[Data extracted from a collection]
============================================================

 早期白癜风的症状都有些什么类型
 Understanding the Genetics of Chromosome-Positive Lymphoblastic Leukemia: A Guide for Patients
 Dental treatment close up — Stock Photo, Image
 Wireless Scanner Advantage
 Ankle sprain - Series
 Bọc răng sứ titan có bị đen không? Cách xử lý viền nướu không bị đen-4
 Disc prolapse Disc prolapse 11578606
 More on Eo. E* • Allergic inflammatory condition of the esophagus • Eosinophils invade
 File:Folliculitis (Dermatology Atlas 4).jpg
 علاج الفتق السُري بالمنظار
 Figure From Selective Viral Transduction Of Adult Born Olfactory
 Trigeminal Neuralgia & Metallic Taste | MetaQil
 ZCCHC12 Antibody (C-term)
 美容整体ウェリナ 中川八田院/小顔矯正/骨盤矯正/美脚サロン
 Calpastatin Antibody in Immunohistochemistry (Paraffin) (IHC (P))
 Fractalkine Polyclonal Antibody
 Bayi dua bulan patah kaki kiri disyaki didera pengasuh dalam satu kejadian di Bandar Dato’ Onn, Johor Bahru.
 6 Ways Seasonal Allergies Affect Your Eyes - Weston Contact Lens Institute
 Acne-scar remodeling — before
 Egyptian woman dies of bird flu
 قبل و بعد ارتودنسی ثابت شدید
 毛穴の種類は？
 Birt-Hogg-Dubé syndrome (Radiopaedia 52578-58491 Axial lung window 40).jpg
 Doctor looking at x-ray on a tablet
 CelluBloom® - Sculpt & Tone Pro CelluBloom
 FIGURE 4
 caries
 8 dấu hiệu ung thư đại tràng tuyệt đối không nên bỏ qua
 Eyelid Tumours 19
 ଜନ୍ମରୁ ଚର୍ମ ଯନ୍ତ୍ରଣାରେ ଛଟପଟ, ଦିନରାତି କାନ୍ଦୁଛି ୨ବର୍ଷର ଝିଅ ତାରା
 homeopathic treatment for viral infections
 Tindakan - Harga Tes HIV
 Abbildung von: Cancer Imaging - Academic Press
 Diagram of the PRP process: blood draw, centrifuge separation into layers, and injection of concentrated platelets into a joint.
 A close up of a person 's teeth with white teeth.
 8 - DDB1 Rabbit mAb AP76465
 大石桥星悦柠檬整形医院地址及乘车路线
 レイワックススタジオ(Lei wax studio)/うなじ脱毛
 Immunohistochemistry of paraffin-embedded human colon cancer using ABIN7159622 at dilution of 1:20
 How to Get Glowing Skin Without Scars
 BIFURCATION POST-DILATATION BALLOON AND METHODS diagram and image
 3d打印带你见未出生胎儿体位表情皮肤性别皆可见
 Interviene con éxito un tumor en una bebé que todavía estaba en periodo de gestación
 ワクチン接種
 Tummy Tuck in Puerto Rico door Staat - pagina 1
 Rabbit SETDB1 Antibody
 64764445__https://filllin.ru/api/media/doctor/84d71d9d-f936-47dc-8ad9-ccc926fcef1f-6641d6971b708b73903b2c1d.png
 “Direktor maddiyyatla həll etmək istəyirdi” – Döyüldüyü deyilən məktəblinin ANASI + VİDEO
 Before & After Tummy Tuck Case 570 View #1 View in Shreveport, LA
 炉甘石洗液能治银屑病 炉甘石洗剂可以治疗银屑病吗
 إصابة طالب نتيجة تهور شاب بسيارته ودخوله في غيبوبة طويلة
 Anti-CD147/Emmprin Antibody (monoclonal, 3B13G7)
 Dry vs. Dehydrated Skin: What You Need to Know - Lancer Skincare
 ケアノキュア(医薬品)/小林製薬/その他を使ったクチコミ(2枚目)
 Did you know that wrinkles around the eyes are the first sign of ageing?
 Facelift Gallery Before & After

============================================================

TASK:
Above are records; repeat only the lines starting at the line with "Birt-Hogg-Dubé syndrome (Radiopaedia" and ending at the line with "Eyelid Tumours 19", exactly as they appear, both included.

RESPONSE BELOW:
 Birt-Hogg-Dubé syndrome (Radiopaedia 52578-58491 Axial lung window 40).jpg
 Doctor looking at x-ray on a tablet
 CelluBloom® - Sculpt & Tone Pro CelluBloom
 FIGURE 4
 caries
 8 dấu hiệu ung thư đại tràng tuyệt đối không nên bỏ qua
 Eyelid Tumours 19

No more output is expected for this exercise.